How to use 2D Arrays wrapped in structs in CUDA?

I have a C structure with a) a static 1D array and b)a double pointer which is intended to point to a 2D array allocated dynamically.

The struct:

typedef struct mystruct
{
    int a[ROWS];
    int **data;
}mystruct;

Allocation of memory to 2D array:
var->data = (int**)malloc(ROWSsizeof(int));
for (i = 0; i < ROWS; i++)
var->data[i] = (int*)malloc(COLUMNS*sizeof(int));
//Code to fill this 2D array and the 1D array

Allocation of memory on the device:
cudaMalloc((void**)&d_var->data, ROWSsizeof(int));
for(i = 0; i < ROWS; i++)
cudaMalloc((void**)&d_var->data[i], COLUMNS*sizeof(int));

Copy the data to the device:
cudaMemcpy(d_var, var, (sizeof(mystruct)+ROWSCOLUMNSsizeof(int)), cudaMemcpyHostToDevice);

Question: The code compiles fine but gives a seg fault when I try to run it. Is this the correct way to do this? Am I missing something?

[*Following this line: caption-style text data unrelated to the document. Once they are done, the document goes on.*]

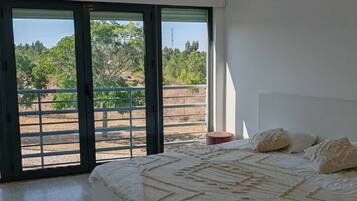 5 bedrooms, iron/ironing board, WiFi, bed sheets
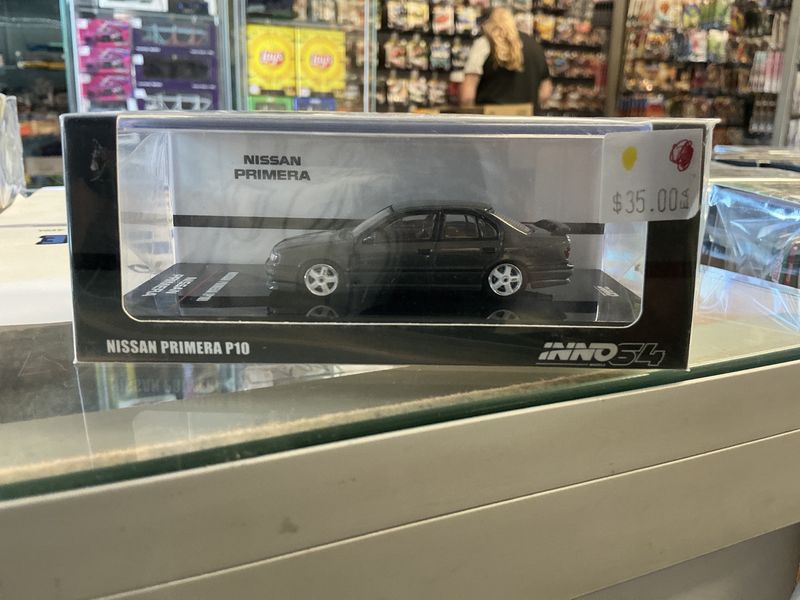 Nissan primera grey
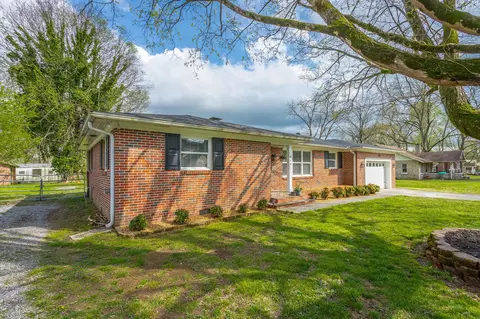 614 Phillips Ave, Jasper, TN 37347 photo 4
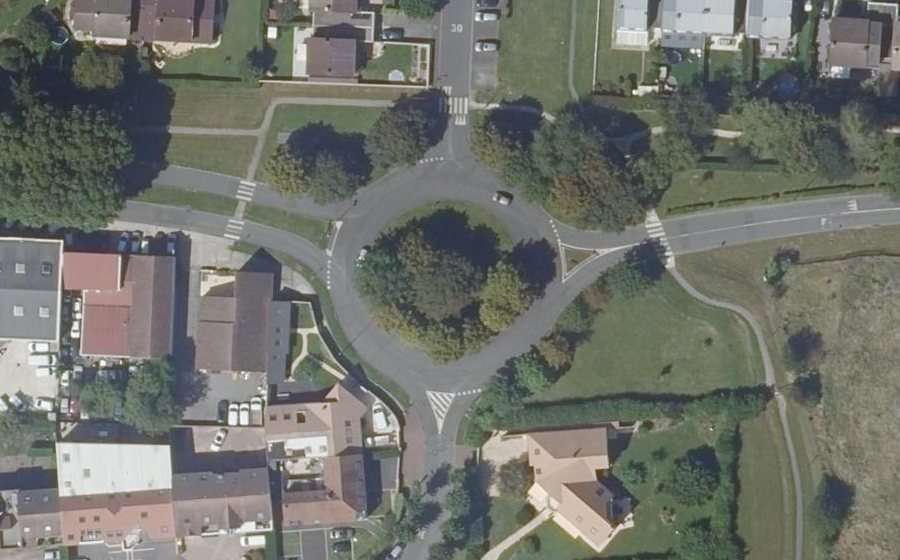 Vue aérienne du Rond-point anonyme n°25339357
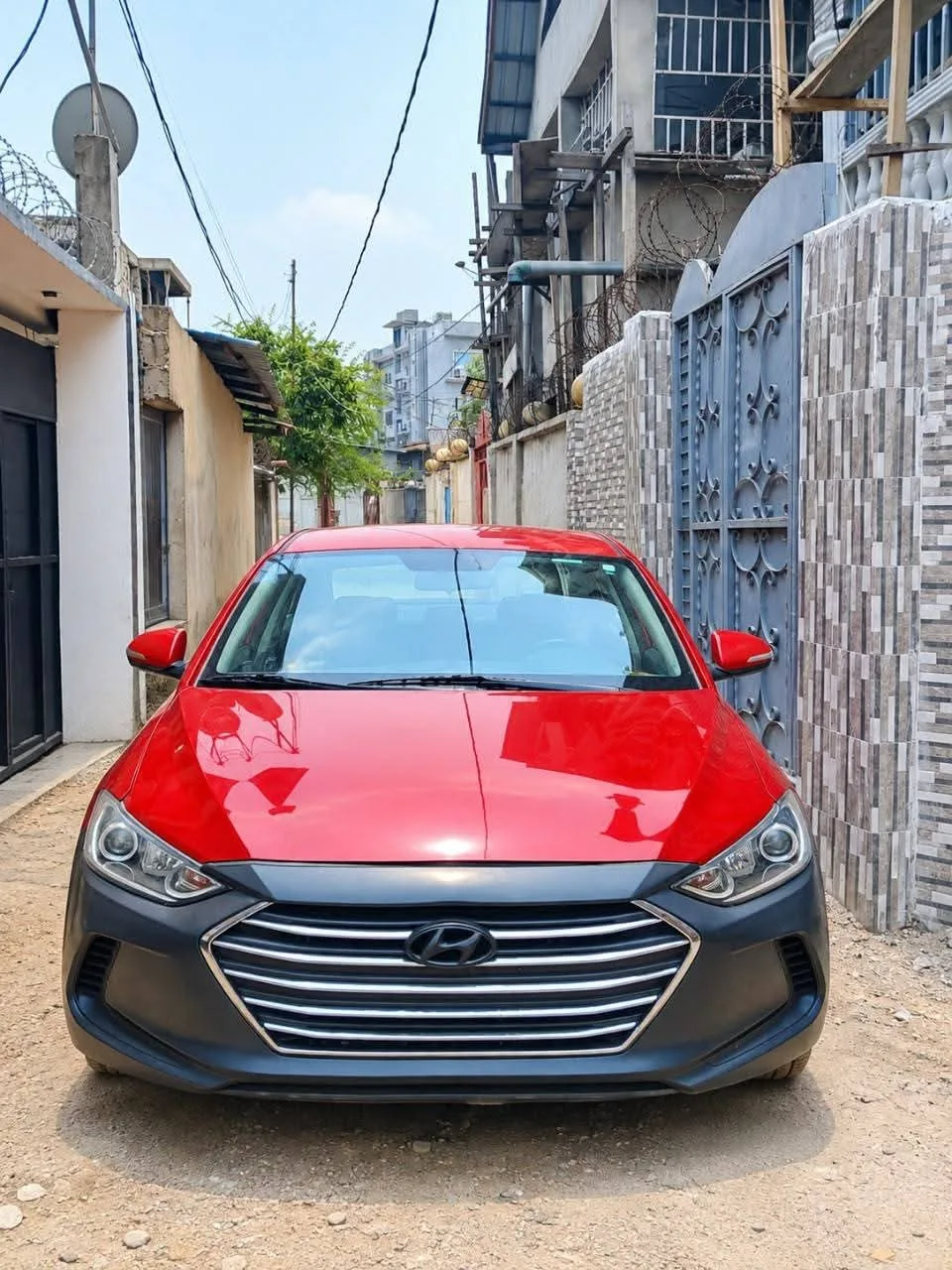 HYUNDAI ELANTRA.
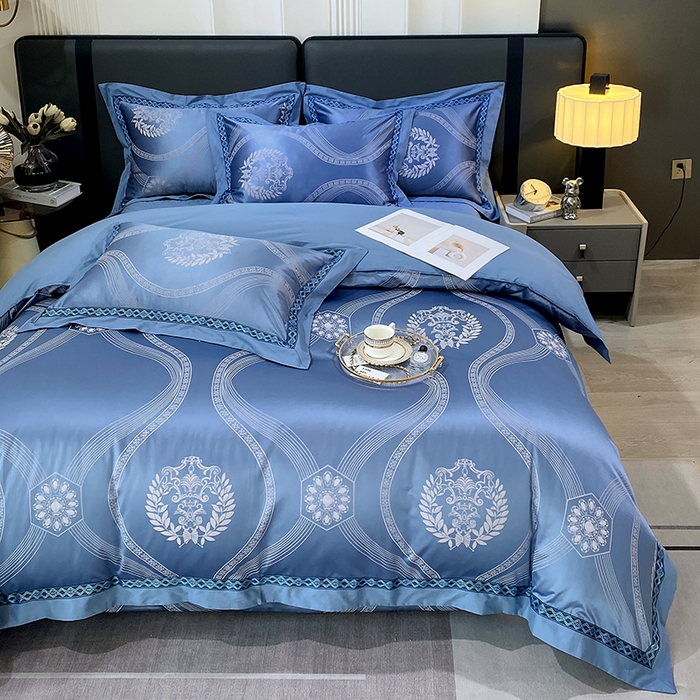 91家纺网 家纺一手货源 找家纺 小时代家纺 2023新款纯棉贡缎提花夹棉床盖四件套 卡伦蓝色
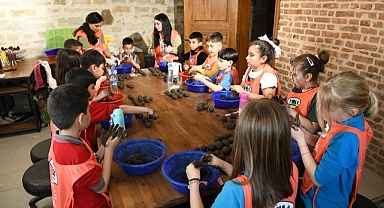 Keşan Kent Müzesi'nde Tohum Topu Atölyesi düzenlendi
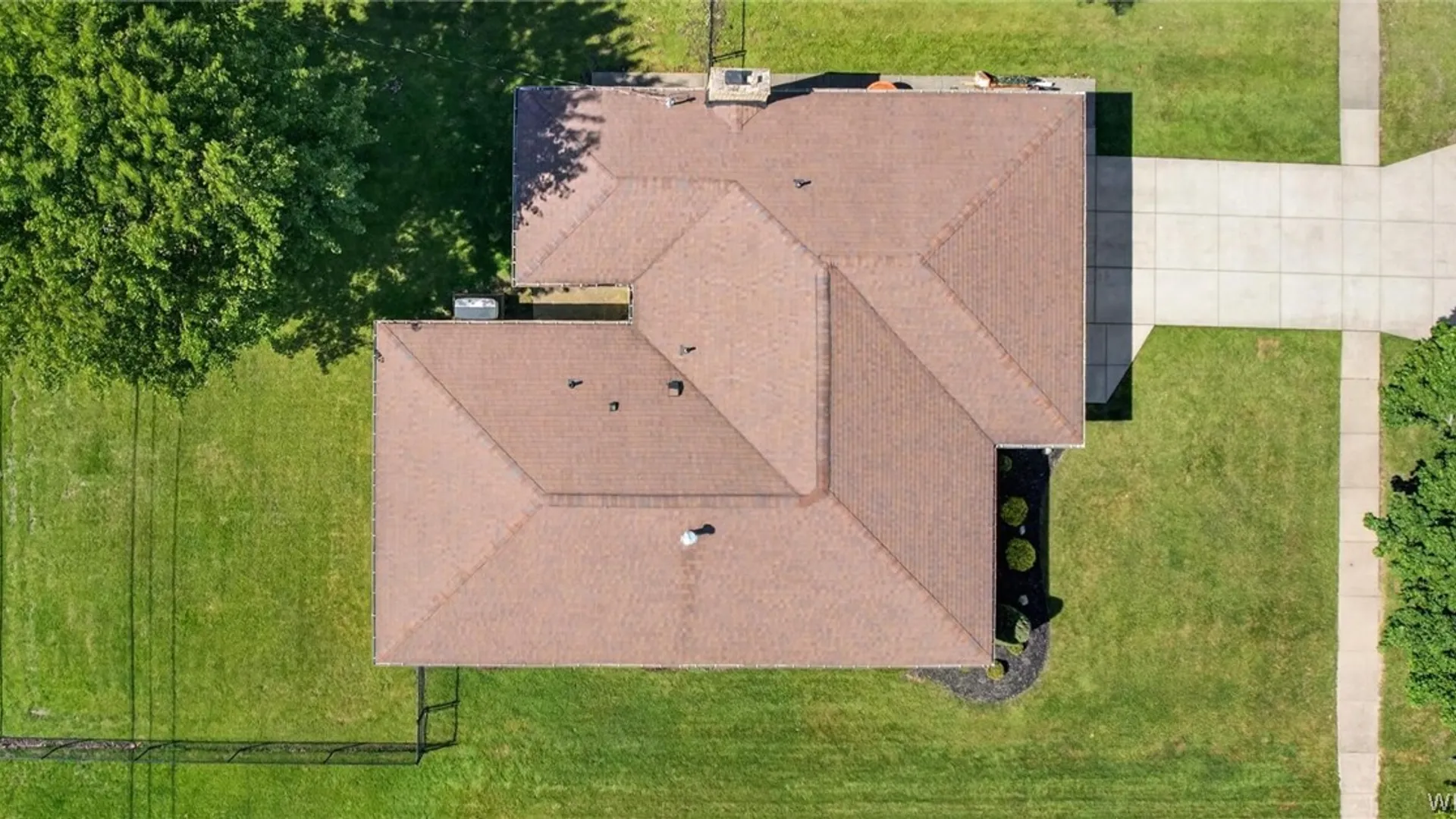 Property at 72 Carmelite Drive, West Seneca, NY 14224 38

Here is the link to the code: Examples/exp2Darray.cu at master · rohitgavval/Examples · GitHub

Thank you for your help!

Yes. Your matrices consist of ROWS separate allocations. Each allocation is pointed to by one element of an array of pointers. Yet there is only one call to cudaMemcpy(). What you need to do is copy each allocation on the host to the corresponding allocation on the device with a cudaMemcpy() call. This is a standard C/C++ pattern, an example of “deep copy”.

Thank you for looking into this.

Does this look correct?

for(i = 0; i < ROWS; i++)
      cudaMemcpy(d_var->data[i], var->data[i], (sizeof(mystruct)+COLUMNS*sizeof(int)), cudaMemcpyHostToDevice);

I have an additional question. On the host, I have defined an array of structures, each inturn containing 2D arrays. In the above method (if my corrected code works), I will be able to transfer one such structure. How can I do this for an array of structures? Even if I do this by putting the above in a loop(which would probably be very expensive) how can I make the individual threads access different structs?

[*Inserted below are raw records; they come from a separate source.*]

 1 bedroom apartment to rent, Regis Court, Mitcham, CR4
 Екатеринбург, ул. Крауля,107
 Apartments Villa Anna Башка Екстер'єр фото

Why do you have ‘sizeof(mystruct)+COLUMNS*sizeof(int)’? Each row simply consists of COLUMNS integers:

var->data[i] = (int*)malloc(COLUMNS*sizeof(int));
cudaMalloc((void**)&d_var->data[i], COLUMNS*sizeof(int));

You are copying one row at a time, so you need to copy whatever you have allocated per row. My advice: Draw a picture of the data structures on the host and the device, and things should become clear in an instant.

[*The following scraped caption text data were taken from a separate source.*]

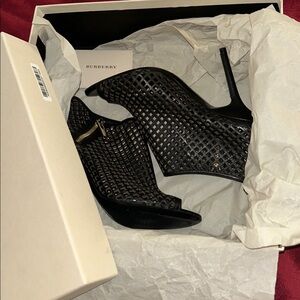 Burberry ankle boot heels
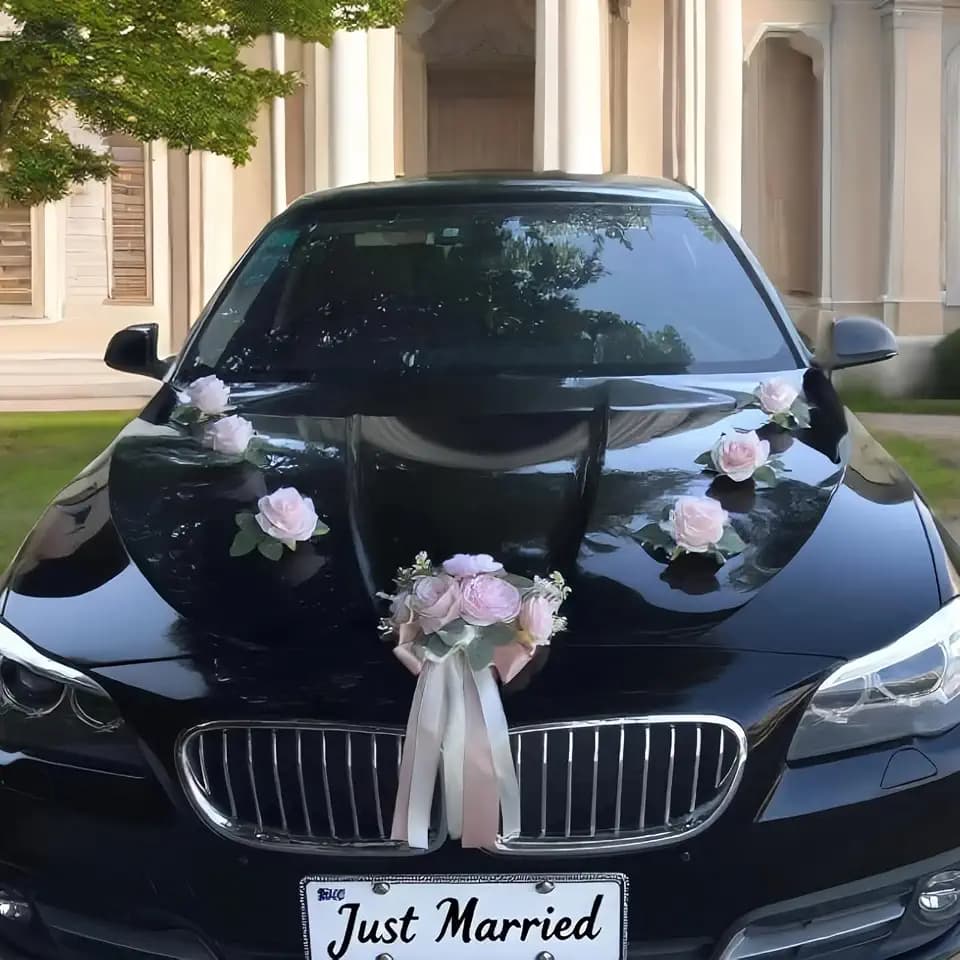 Wedding Car Decoration Garland with White Artificial Flowers and Ribbon Bow Set, Just Married Front Hood Floral Kit with Suction Cup, Fits Cars SUVs Trucks for Bridal Procession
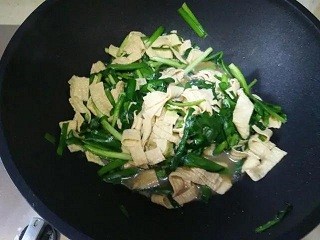 韭菜炒厚豆腐皮怎么做？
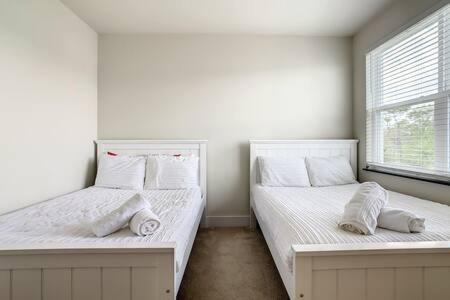 Trendy Thematic 3br Townhouse With Private Pool Holiday home Orlando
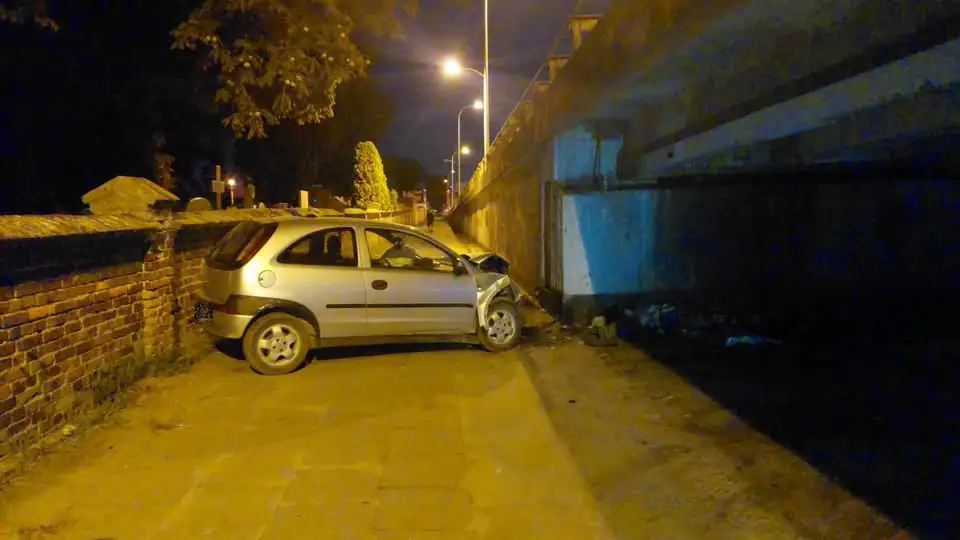 Prawie 2,3 promila i sądowy zakaz. Pijany kierowca uderzył w wiadukt w Sieradzu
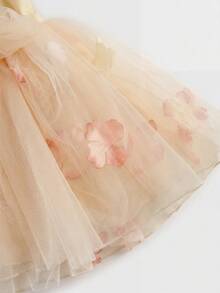 SHEIN Glamorique Kids Đầm dự tiệc không tay cho bé gái màu mơ, chất liệu lưới thêu họa tiết và có nơ trang trí, chân váy xòe bồng bềnh dễ thương, thích hợp cho sinh nhật, đám cưới, lễ hội. - Màu be - Xem 8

Sorry for my oversight. I missed out on correcting that part.

Could you still help me with the “additional question”?

I have an additional question. On the host, I have defined an array of structures, each inturn containing 2D arrays. In the above method (if my corrected code works), I will be able to transfer one such structure. How can I do this for an array of structures? Even if I do this by putting the above in a loop(which would probably be very expensive) how can I make the individual threads access different structs?